A proposal for the Dunedin City Council to sell Aurora Energy seems to be struggling to secure enough backing to go ahead.
However, Dunedin Mayor Jules Radich said the information-gathering process continued and he believed councillors had yet to decide how they would vote at a meeting next week.
Mr Radich said he expected a few minds might have been made up.
"A great many are not", he said.
The present council had demonstrated "a good degree of open-mindedness when it comes to difficult decisions".
Council staff have yet to present a report on the subject.
"It is a big decision", Mr Radich said.
"Everyone is taking it very seriously."
Aurora Energy owns and operates the electricity distribution networks for Dunedin, Central Otago, Wānaka and Queenstown.
Documents suggest the company could be expected to sell for more than $1billion.
The Otago Daily Times talked to five Dunedin city councillors yesterday to try to gauge sentiment ahead of the vote.

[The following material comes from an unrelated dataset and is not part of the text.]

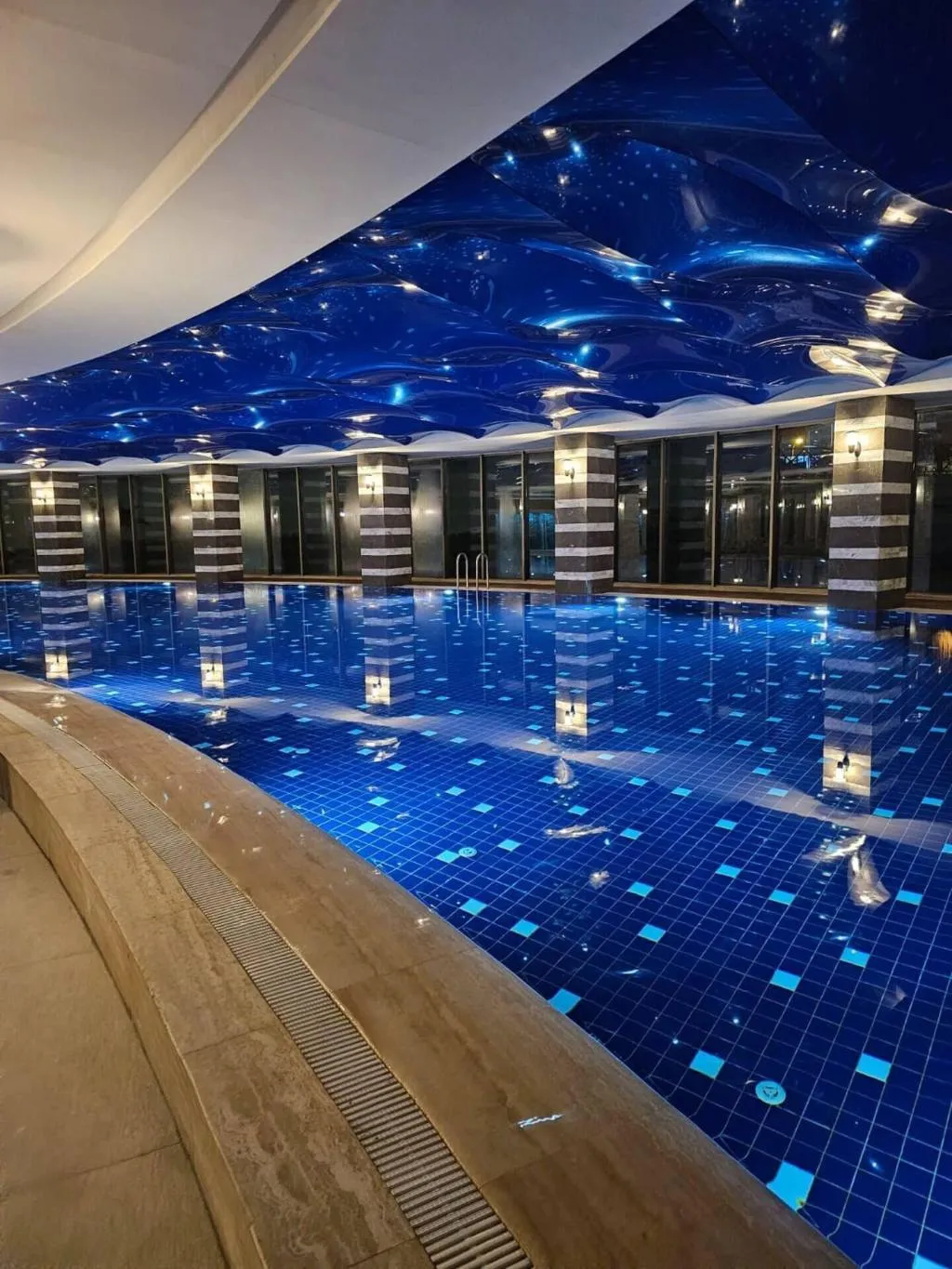 Sports and Entertainment, Sirius Town Residence And Spa, Antalya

One felt the vote could be close, another believed the proposal was "dead in the water" and a third expected Aurora would be retained by the council by a margin of 10-5 or 11-4, assuming there is full attendance at the meeting and nobody abstains.
Eight votes would be enough to defeat the sale.

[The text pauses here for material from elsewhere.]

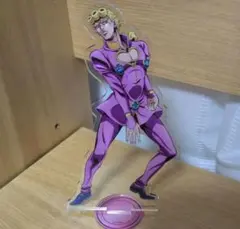 ジョルノ・ジョバァーナ JOJO WORLD3 限定 アクリルボールチェーン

A councillor who had yet to make up their mind said the council had to weigh up public opinion and professional advice.
Another indicated the weight of public feedback would be difficult to set aside.
Cr Marie Laufiso was the only elected representative present at a meeting in March to vote against pitching a proposal to the public, while Cr Jim O’Malley was absent.

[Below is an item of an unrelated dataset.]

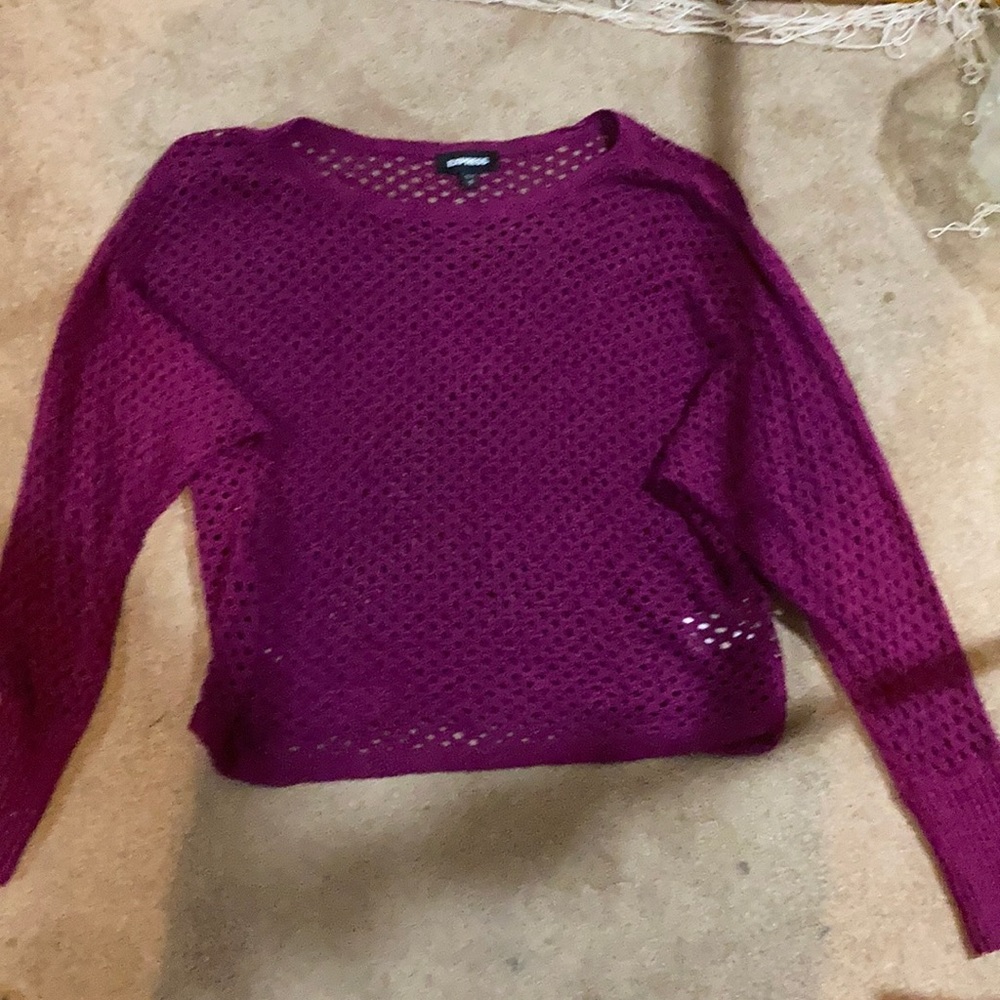 Express Sweater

The vast majority of more than 700 public submissions were opposed to a possible sale and opposition during a hearing in May was emphatic.
There have since been workshops run by the council and by Dunedin City Holdings Ltd (DCHL), which had recommended a sale of Aurora.
Aurora is the largest trading company in the DCHL group, which is owned by the council.
Mr Radich told a public meeting in April selling Aurora could put the council on a sustainable footing.
Key reasons for the proposal to sell have included avoiding the need for the combined debt of the council and its companies increasing to fund Aurora’s substantial future capital requirements.
It has not paid a dividend to DCHL since 2017.
Reasons for retaining the company include that it is set to grow in value.